* Short text fragments from websites *
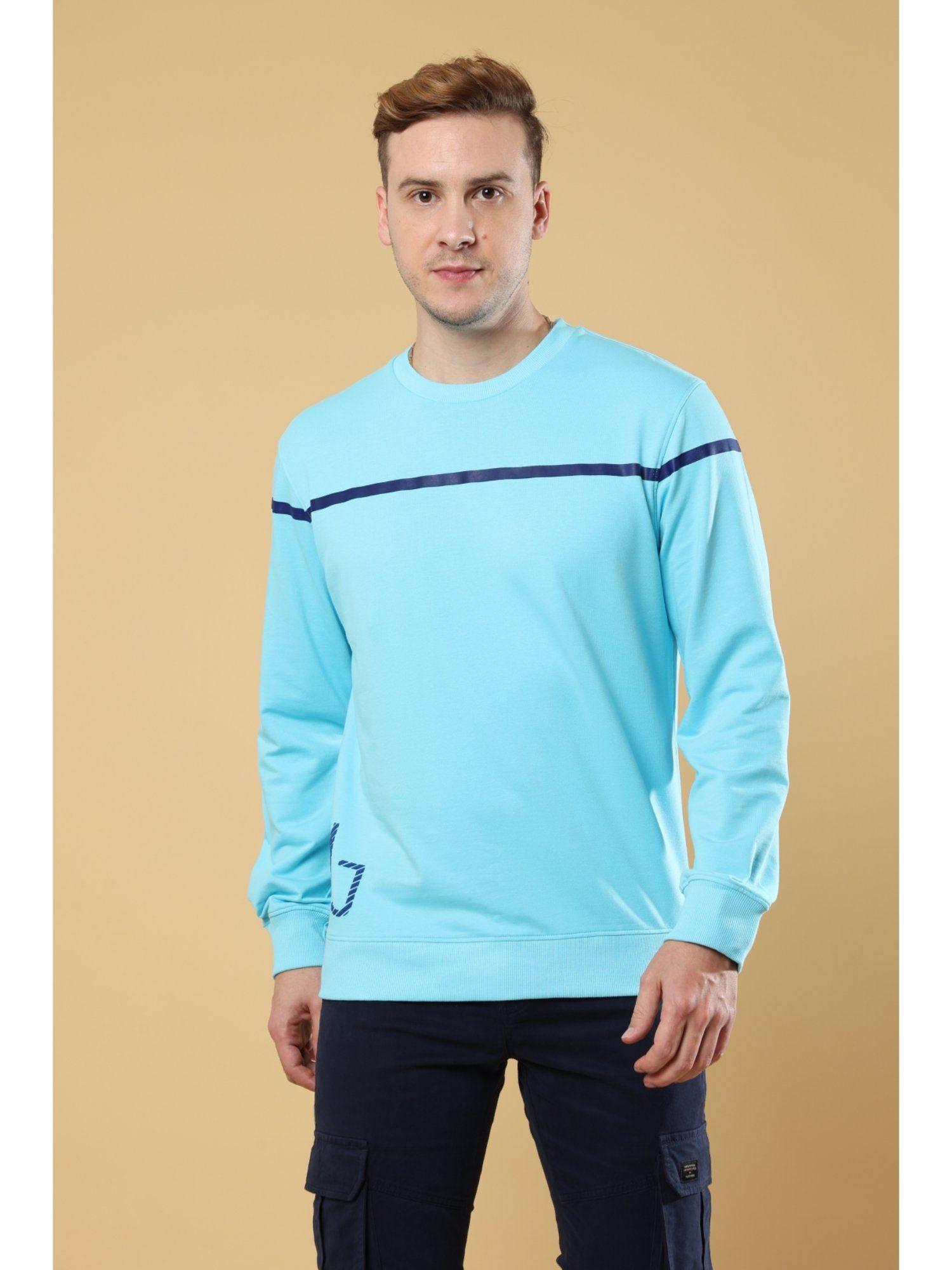 blue straight way sweatshirt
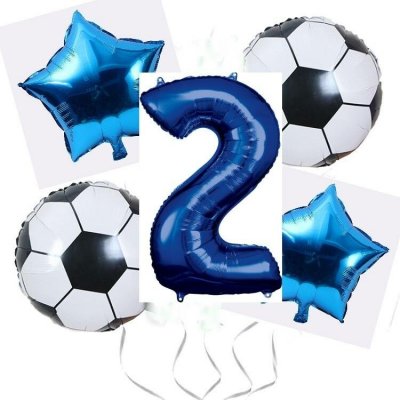 Balónkový set Fotbal modrý 2.narozeniny – Zboží Dáma
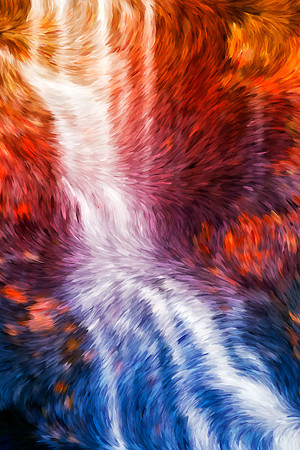 Abstract Fantasy Waterfall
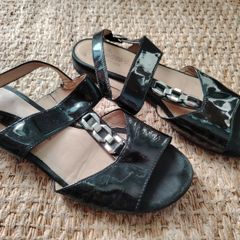Sioux Black Sandals   Size 5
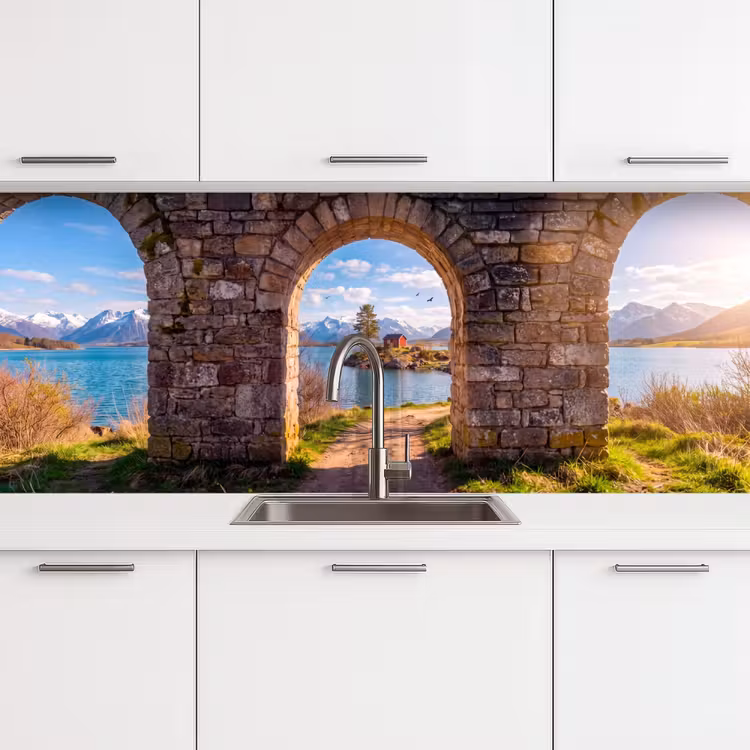 Keuken achterwand - Huis - Meer - Bergen — 4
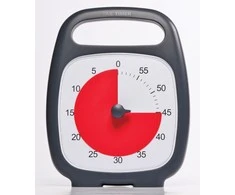 Dėlionė Laikmatis / atgalinio skaičiavimo laikrodis - Time Timer PLUS, Juodas (14x18 cm), JAC5025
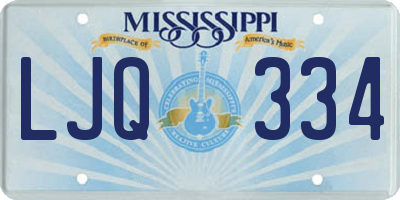 MS license plate LJQ334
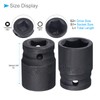 CoCud Deep Impact Socket, 1/2 Inch Drive 20mm Socket Size,
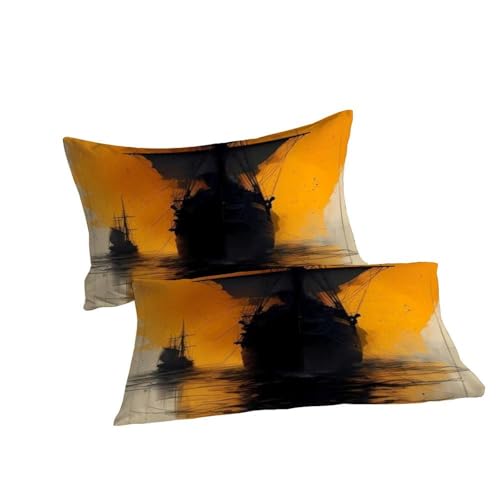 Linge de lit navigation imprimé 3D avec housse de couette haut de gamme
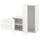 PLATSA - PLATSA Wardrobe with 2 doors+2 drawers, white/Fonnes white, 180x57x123 cm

* WHAT IS BEING ASKED *
Excluding the pictures, retype the line containing "Dėlionė Laikmatis /" and all lines after it down to the end of the data above.

* THE COMPLETED TASK *
 Dėlionė Laikmatis / atgalinio skaičiavimo laikrodis - Time Timer PLUS, Juodas (14x18 cm), JAC5025
 MS license plate LJQ334
 CoCud Deep Impact Socket, 1/2 Inch Drive 20mm Socket Size,
 Linge de lit navigation imprimé 3D avec housse de couette haut de gamme
 PLATSA - PLATSA Wardrobe with 2 doors+2 drawers, white/Fonnes white, 180x57x123 cm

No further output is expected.